Data Issues¶
Reference
preprocessing link
Missing Values¶
Types¶
An entry \(x_{ij}\) can be missing due to various reasons.
Completely at Random¶
Missing completely at random (MCAR) means for each variable \(j\), every entry is equally likely to be missing
Then we have a smaller sample. This will increase the standard errors of estimators (lower precision), but it does not cause bias.
At Random¶
Missing at random (MAR) means that the probability of missing can also depend on some attributes of the subject, say other values \(x_{i, -j}\)
Not at Random¶
Missing not at random (MNAR) means that the probability of missing can depends on some unobservable variables \(Z_{ij}\)
Depends on Response¶
The probability of missing depends on the value of \(y\).
In this case, in the missing data, the relation estimated from the observed data may not hold.
Imputation¶
Imputation means how we fill the missing entries.
Drop¶
Simple drop observation \(i\) if any entry \(x_{ij}\) is missing. This is acceptable when in MAR, MCAR and when the missing is infrequent.
By Mean or Mode¶
We can impute \(x_{ij}\) by the column mean \(\bar{x}_{\cdot j}\) or column mode. But if \(x_{ij}\) is deterministic on other variables, then after imputation this dependent relation does not hold.
By Regression¶
Suppose \(X_j\) is deterministic on other explanatory variables \(X_{-j}\), we can estimate this relation by regression \(x_j\) over all other explanatory variables to maintain this dependent relation in the imputed data.
Side-effect
Clearly, this method increases multicollinearity among the variables, measured by \(\operatorname{VIF}_j\). In general, in linear regression, after imputation
\(\left\vert \hat{\beta}_j \right\vert\) decreases
\(\hat{\sigma}^2\) increases
By EM Algorithm¶
We treat the missing entires as latent variables, and use EM algorithm to impute the values.

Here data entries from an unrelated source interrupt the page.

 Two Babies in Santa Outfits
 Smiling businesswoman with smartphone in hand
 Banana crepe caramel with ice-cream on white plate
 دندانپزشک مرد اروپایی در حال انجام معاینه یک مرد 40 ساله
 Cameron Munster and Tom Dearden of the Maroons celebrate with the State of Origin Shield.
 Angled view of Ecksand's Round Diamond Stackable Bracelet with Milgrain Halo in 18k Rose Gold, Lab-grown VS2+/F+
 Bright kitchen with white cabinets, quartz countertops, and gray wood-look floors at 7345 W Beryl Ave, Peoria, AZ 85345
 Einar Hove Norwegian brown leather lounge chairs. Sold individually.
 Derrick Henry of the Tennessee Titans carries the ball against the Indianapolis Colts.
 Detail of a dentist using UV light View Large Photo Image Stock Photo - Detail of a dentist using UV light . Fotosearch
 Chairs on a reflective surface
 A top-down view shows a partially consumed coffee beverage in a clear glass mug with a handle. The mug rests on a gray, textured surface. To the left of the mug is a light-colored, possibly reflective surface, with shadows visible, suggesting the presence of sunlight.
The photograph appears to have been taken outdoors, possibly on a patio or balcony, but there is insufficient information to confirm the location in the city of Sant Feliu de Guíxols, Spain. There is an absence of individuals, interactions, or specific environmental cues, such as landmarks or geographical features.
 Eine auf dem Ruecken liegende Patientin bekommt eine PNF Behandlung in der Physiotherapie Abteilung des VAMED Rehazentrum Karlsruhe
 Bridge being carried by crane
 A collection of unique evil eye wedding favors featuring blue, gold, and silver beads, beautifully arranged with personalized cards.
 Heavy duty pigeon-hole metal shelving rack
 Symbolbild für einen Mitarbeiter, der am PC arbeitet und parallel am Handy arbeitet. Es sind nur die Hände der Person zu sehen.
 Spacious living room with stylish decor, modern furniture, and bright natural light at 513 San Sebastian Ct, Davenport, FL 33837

Make initial guess of missing values
Iterate
Find maximum likelihood estimates of the parameters \(\theta\) of the assumed joint distribution of the variables, using all data \((x_{miss}, x_{obs})\)
Update missing values \(x_{miss}\) by conditional expectation \(\mathbb{E} [x_{miss} \mid x_{obs}, \theta]\)
Imbalanced Data¶
up/down sampling to make them balance in the data set
Synthetic Minority Oversampling Technique (SMOTE)
up/down weighting in the loss function
Normality¶
Some model or methods assume normality of data. If some variables are not from normal distribution, we can try to transform them to normal.
Standardization¶
When will we use standardization?
For algorithms using Euclidean distance, e.g. k-means
For dimension reduction method involves variance, e.g. PCA
For gradient descent, to reduce noise in the trajectory